Ülkemizde yetersizliklerin değerlendirilmesi ve tanılaması süreci tıbbi tanılama ve eğitsel tanılama olmak üzere iki temel süreci içermektedir. Tıbbı değerlendirme ve tanılama sürecinde; doğal gelişim gösteren akranlarından farklı olarak bir gelişimsel geriliğe veya gelişimsel yetersizliğe sahip olduğundan şüphe duyulan çocuklar hastanelere başvurarak ilgili yetersizlik alanlarında uzman hekimler tarafından değerlendirilmektedir. Eğitsel değerlendirme ve tanılama sürecinde ise, çocuğun tüm gelişim alanlarındaki özellikleri ve akademik disiplin alanlarındaki yeterlilikleri ile eğitim ihtiyaçları belirlenir. Ayrıca, çocuğun hangi ortamda eğitim görmesinin uygun olacağına ilişkin öneride bulunulur. Çocuğun eğitsel değerlendirme ve tanılaması RAM’da oluşturulan Özel Eğitim Değerlendirme Kurulu tarafından çeşitli testler ve bireyin özelliklerine uygun diğer ölçme araçlarıyla yapılır.

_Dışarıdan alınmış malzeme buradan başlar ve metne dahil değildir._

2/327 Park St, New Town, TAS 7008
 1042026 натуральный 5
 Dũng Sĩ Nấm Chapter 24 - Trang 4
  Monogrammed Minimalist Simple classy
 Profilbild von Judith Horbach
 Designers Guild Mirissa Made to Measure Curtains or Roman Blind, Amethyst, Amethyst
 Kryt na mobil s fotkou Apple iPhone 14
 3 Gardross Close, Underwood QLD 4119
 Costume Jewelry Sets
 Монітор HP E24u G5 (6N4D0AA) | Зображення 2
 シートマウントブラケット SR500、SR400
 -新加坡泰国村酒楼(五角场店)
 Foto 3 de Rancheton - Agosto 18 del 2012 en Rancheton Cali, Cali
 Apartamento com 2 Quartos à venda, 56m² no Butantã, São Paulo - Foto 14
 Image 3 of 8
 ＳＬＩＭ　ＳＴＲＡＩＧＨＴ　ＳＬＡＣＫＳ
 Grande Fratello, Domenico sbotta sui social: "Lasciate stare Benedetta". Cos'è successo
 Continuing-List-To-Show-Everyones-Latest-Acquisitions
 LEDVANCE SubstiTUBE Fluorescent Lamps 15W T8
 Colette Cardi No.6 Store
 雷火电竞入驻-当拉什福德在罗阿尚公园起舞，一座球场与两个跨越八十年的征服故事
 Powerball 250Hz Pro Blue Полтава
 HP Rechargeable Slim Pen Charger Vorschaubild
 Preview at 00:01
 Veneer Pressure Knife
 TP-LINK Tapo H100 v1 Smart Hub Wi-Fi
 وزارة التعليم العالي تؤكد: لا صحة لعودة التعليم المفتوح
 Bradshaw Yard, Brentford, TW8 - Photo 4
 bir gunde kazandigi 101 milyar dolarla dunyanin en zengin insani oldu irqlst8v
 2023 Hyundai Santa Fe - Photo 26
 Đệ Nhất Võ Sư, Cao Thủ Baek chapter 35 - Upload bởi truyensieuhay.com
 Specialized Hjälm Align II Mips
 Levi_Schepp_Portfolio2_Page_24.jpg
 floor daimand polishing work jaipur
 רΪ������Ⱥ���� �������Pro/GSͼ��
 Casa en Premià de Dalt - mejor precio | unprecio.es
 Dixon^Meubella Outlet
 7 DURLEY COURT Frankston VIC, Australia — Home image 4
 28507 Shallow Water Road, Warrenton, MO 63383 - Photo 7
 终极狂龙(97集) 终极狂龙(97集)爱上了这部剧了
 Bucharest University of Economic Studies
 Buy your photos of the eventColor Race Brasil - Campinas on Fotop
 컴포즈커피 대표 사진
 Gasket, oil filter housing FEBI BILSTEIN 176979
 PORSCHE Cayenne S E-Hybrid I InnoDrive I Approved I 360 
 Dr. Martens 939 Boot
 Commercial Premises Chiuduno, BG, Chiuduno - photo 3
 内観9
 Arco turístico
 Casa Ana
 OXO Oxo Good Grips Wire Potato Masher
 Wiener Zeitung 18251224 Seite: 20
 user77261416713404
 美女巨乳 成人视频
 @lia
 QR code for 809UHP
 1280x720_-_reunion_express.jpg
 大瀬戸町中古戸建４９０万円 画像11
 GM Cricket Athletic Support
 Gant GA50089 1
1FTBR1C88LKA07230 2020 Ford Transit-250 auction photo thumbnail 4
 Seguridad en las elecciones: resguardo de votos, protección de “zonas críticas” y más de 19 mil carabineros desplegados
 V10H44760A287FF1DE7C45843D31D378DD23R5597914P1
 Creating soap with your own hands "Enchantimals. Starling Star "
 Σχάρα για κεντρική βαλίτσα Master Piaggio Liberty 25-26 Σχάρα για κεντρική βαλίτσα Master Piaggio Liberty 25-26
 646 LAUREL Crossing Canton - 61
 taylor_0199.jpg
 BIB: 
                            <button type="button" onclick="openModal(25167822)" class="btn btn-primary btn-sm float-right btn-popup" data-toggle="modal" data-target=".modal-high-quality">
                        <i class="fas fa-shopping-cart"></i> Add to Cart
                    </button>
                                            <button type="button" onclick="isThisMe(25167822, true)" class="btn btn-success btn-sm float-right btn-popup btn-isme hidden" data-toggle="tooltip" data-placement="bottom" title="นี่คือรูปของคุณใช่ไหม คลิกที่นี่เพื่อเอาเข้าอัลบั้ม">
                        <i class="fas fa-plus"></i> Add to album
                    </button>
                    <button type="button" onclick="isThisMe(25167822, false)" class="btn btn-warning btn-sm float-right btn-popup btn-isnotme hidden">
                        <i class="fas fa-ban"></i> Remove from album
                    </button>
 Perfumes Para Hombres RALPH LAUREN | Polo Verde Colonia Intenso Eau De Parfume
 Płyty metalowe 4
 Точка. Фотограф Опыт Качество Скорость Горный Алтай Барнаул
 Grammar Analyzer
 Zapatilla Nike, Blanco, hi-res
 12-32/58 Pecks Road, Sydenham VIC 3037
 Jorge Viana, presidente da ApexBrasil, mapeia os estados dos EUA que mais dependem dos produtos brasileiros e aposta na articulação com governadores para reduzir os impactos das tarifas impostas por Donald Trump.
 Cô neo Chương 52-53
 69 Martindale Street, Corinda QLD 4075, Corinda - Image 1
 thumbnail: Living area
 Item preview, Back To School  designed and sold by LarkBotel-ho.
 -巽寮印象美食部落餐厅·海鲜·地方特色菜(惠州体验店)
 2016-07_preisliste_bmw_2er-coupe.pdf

Ülkemizde Gelişimsel Yetersizliğin Tanılanmasında Kullanılan Bazı Ölçme-Değerlendirme Araçları

Gelişimsel tarama testleri (developmental screening), çocukların gelişim özelliklerini, öğrenme problemlerini ya da yetersizliklerini belirlemede tüm çocuklara uygulanabilen testleri kapsamaktadır. Ülkemizde yaygın olarak kullanılan gelişimsel tarama testlerine; Ankara Gelişim Tarama Envanteri, Gazi Erken Çocukluk Değerlendirme Aracı, Denver II Gelişimsel Tarama Testi örnek olarak verilebilir.

Ankara Gelişim Tarama Envanteri (AGTE) , Türkiye’de 0-6 yaş bebek ve çocukların psikolojik gelişimlerini nesnel olarak değerlendirmek için geliştirilmiş¸ bir gelişim tarama envanteridir. Gazi Erken Çocukluk Gelişimi Değerlendirme Aracı (GEÇDA), 0-72 ay Türk çocuklarının gelişimlerini ayrıntılı olarak değerlendirilebilecek, eğitim yaşantılarının düzenlenmesinde ve çocuklardaki gelişimsel geriliklerin erken tanılanmasında kullanılabilecek bir gelişim değerlendirme aracıdır. Denver II Gelişimsel Tarama Testi ise, gelişimsel geriliğin ve yetersizliğin değerlendirilmesi amacıyla en sık kullanılan testtir.